EXERCISE GOAL:
Everything in the listing should be transcribed exactly, apart from the pictures.

DATA SHOWN:
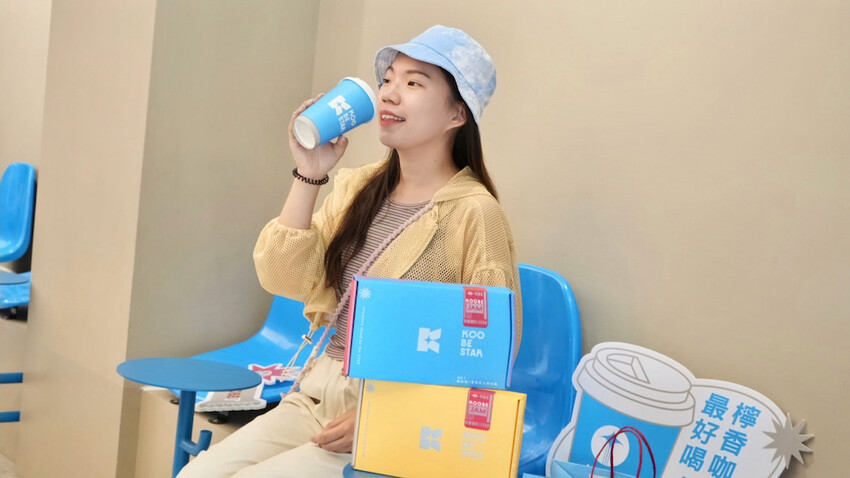 [台中] KOOBESTAR＊咖啡＊酷必捲｜全新開幕IG打卡店｜台中公益路美食！買咖啡送酷必捲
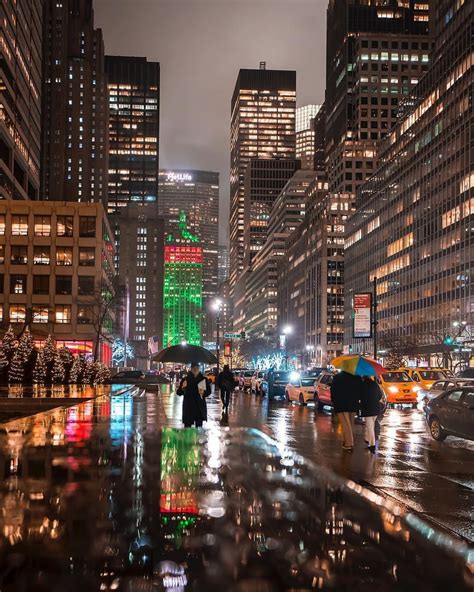 Travel New York City On Instagram Rain In Nyc ☔️ By Zuranyc New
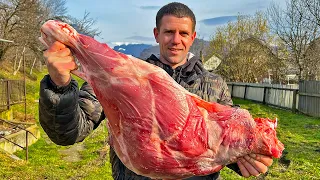 Roasting a huge 12kg beef thigh in a tandoor! 3 hours of roasting! Life in the Carpathians! Ukraine!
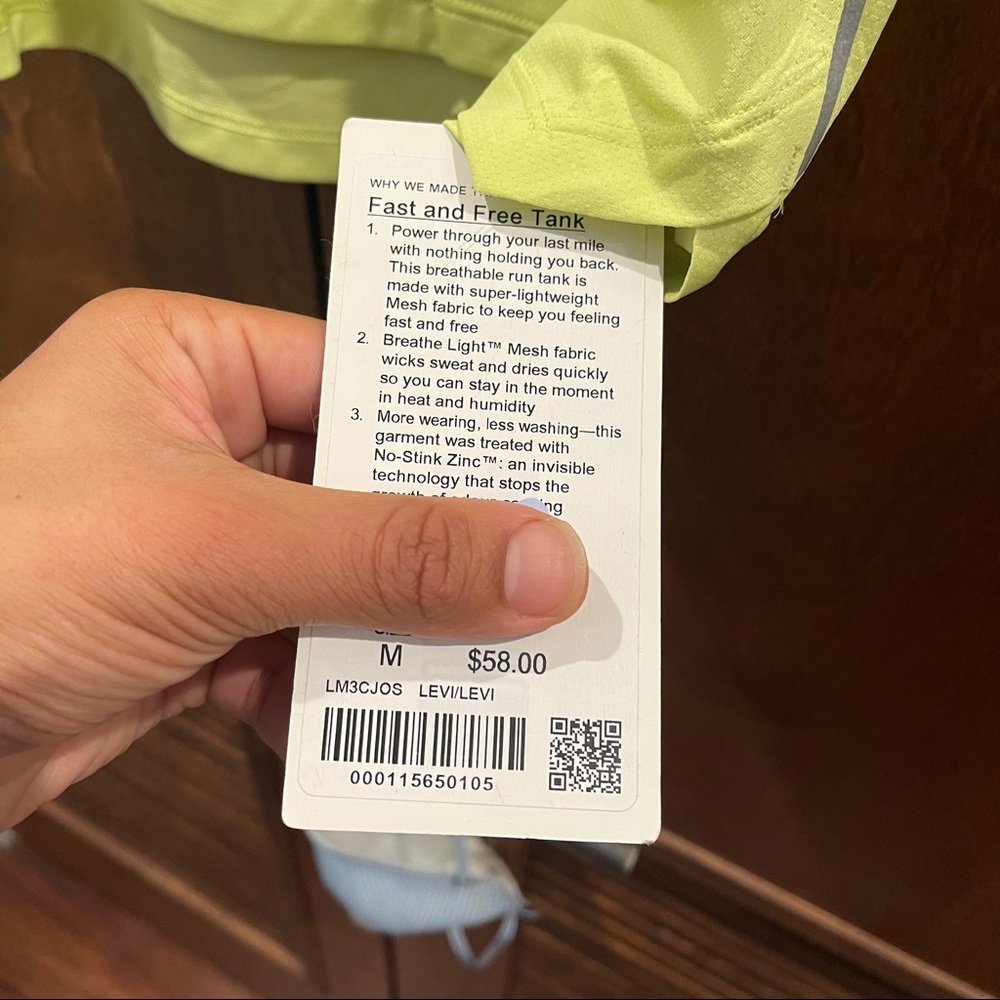 Neón green brand new lululemon tank size medium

RESULT OF THIS EXERCISE:
 [台中] KOOBESTAR＊咖啡＊酷必捲｜全新開幕IG打卡店｜台中公益路美食！買咖啡送酷必捲
 Travel New York City On Instagram Rain In Nyc ☔️ By Zuranyc New
 Roasting a huge 12kg beef thigh in a tandoor! 3 hours of roasting! Life in the Carpathians! Ukraine!
 Neón green brand new lululemon tank size medium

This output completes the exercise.